Dementia can be defined as a disease which affects the brain’s ability to go through a clear process of thinking, reasoning and remembering. The disease can affect several parts of the brain and patients with dementia may face difficulties dealing with language, memory loss, impaired visual-spatial orientation, loss of problem solving skills and lack of attention.
Although, dementia may come in various forms such as vascular, lewy bodies and frontotemporal dementia, the most common form is Alzheimer’s disease, which makes up to 70% of patients. It is worth noting that symptoms differ from one dementia to another and it is not uncommon for a patient to have two types of dementia at the same time.

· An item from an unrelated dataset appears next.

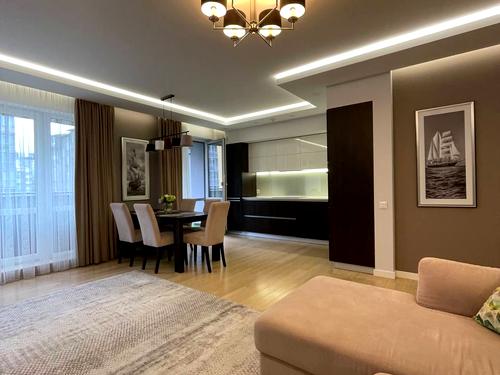 квартира за адресою Угорська вул., 12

Recently, a research team at the Florida Atlantic University suggested a new diagnostic method, which takes only three to five minutes to determine weather a subject suffers from dementia. They called the method Quick Dementia Rating System (QDRS), and bases itself on scientific methodology, evidence, validity and reliability to separate patients with and without dementia. The strength of this new methodology lies in detecting various forms of dementia in a short period of time. Methodologically, QDRS consists of a 10-item questionnaire that is graded from 0 to 30, designed to capture symptoms of the different types of dementia. Higher scores represent patients with severe dementia. In the study, a total of 267 subjects participated including 32 healthy controls, with the results proving satisfactory.
It is unfortunate to say that dementia affects an average of 36 million people. It is known that the disease develops in progressive stages and usually becomes more serious with age. In early stages of dementia, signs and symptoms of the disease maybe unnoticeable and become more and more visible as the disease progresses. There are four stages of dementia: mild, early, middle and late stage. While patients with mild dementia show no particular noticeable symptoms, patients with late-stage dementia typically require full time assistance.
Although no cure has been yet developed for treating the condition, several prevention measures have been suggested including lifestyle changes, cognitive training and medication. On the other hand, it is obvious that detecting dementia at an early stage of development will allow a better management of the disease. Hence, it is important to access quick and cheap diagnostic tools. Several methods are currently employed for the diagnostic of dementia including cognitive testing, laboratory tests and imaging. These methods are usually complex, expensive and time consuming.
The novel Quick Dementia Rating System (QDRS) looks promising as a new cheap, fast and reliable diagnostic method of dementia disease. As the method is currently under optimization, it is worth to extend the study to a large number of patients, compare the results with those obtained by standard diagnostic methods and follow up with statistical modeling.